By most measures, Sean McDermott has been successful. 73-41 record as head coach. He’s made the playoffs in six out of seven seasons, but a 5-6 record in the playoffs. three of those six losses were to Andy Reid. The 2020 season was arguably the best the Bills have looked in the McDermott era. After a Week Ten loss to the Arizona Cardinals on what has been called the ‘Hail Murray’, the Bills reeled off six straight wins to end the regular season and won two playoff games to eventually lose to Kansas City in the AFC Championship game.

The 2021 season brought us again to the Divisional round of the playoffs, this game would come to be known as the ’13 second’ game. A masterful performance by Josh Allen was wasted by a series of coaching decisions that should be considered malpractice. The final regulation possession by Kansas City started with a touchback. The Chiefs then went three plays and 44 yards in 13 seconds for the game-tying field goal. Josh Allen never touched the ball in overtime.

The rest, as they say, is history. So, what am I getting at by bringing up the pain of playoff losses past? Well, how long do we give Sean McDermott? Seriously, how much longer do we give him to get this team where it wants to go? This most recent loss wasn’t McDermott’s fault. But, he gets credit for the loss. So, when does ownership start holding his feet to the fire? Where is the sense of urgency?

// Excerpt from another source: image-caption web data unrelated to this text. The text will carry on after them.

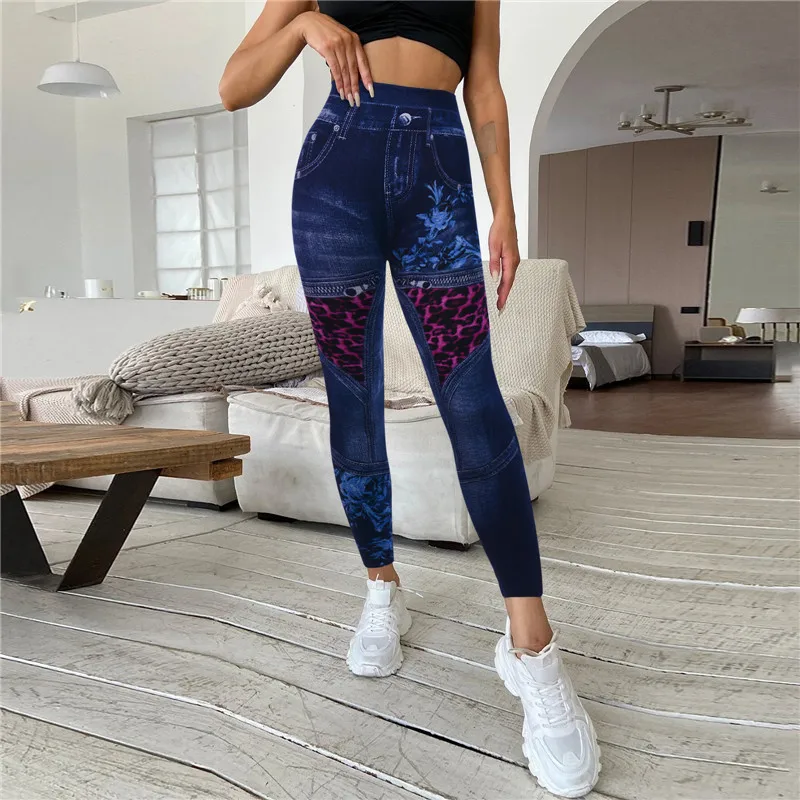 Jean Look Leggings For Women High Waist Tummy Control With Back Pockets,  Denim Printed Fake Jean Leggings, Seamless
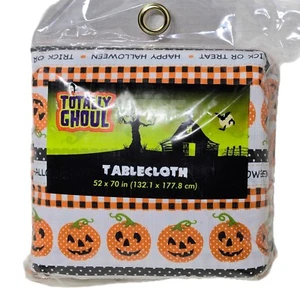 Vintage Polyester Tablecloth 52" x 70" Halloween Totally Ghoul Pumpkin fall - Picture 1 of 3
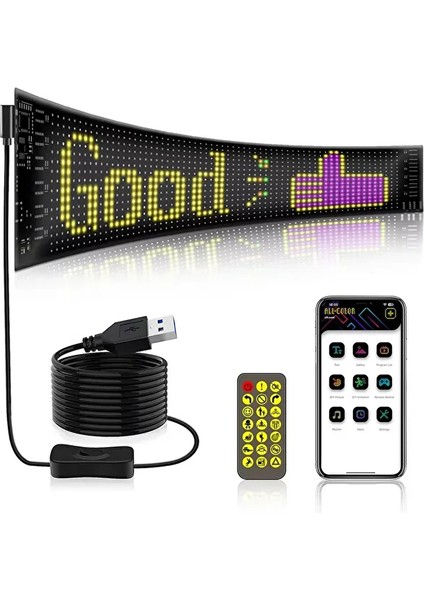 Matrix Kayan Yazı Emoji LED Ekran Programlanabilir 17X7CM Tabela Araba Bluetooth App Kontrol USB Ledf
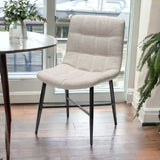 Grey Fabric Wrap With Brown Wooden Frame Dining Chair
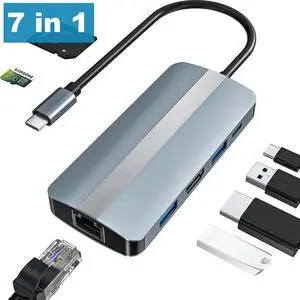WISDUMUSB C Docking Station, 7 in 1 USB C Hub with 4K @30Hz HDMI Adapter, 100Mbps Ethernet LAN RJ45, 100W PD, 2 USB-A & SD TF Card readers, for MacBook Pro/Air M1, Surface Pro and other Type-C devices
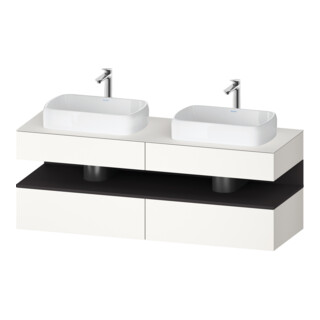 Duravit Meuble sous-lavabo Qatego 160x55x60cm, gris m/blanc m, Pl, B des deux côtés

I like to say, ‘the standard is the standard.’ If a Super Bowl is the goal, how many more times does he fall short before we make a change? Making the playoffs is great but eventually just making the playoffs isn’t enough. There has to be more. The last five losses in the playoffs were: Wild Card, AFC title game, Divisional round, Wildcard, Divisional Round. What if 2024 brings another Divisional round loss, do we just appreciate the job he’s done and look forward to 2025?

Frankly, as a fan of the Bills, I’m tired of looking forward to next season. I’m not ‘happy to be here’ in regards to making the playoffs anymore. I want more, we all should want more, we should be DEMANDING more. Josh Allen is in his prime, the team needs to capitalize on it.

Deciding to fire a coach is a hard one but the NFL is a result-oriented business, if the result is only making the playoffs, that shouldn’t be celebrated. It should be a reason to ask for more. The 2024 season is a big one for Sean McDermott, anything less than an AFC Championship game should be unacceptable. the standard is the standard!

The ring is the thing. Super Bowls make everything look great. I’m setting the bar at AFC title games. A very attainable goal in my mind. If Sean McDermott can’t make it that far in the next two seasons, then maybe he isn’t the one to get us where we want to go. If McDermott isn’t that guy then the million-dollar question becomes, who is?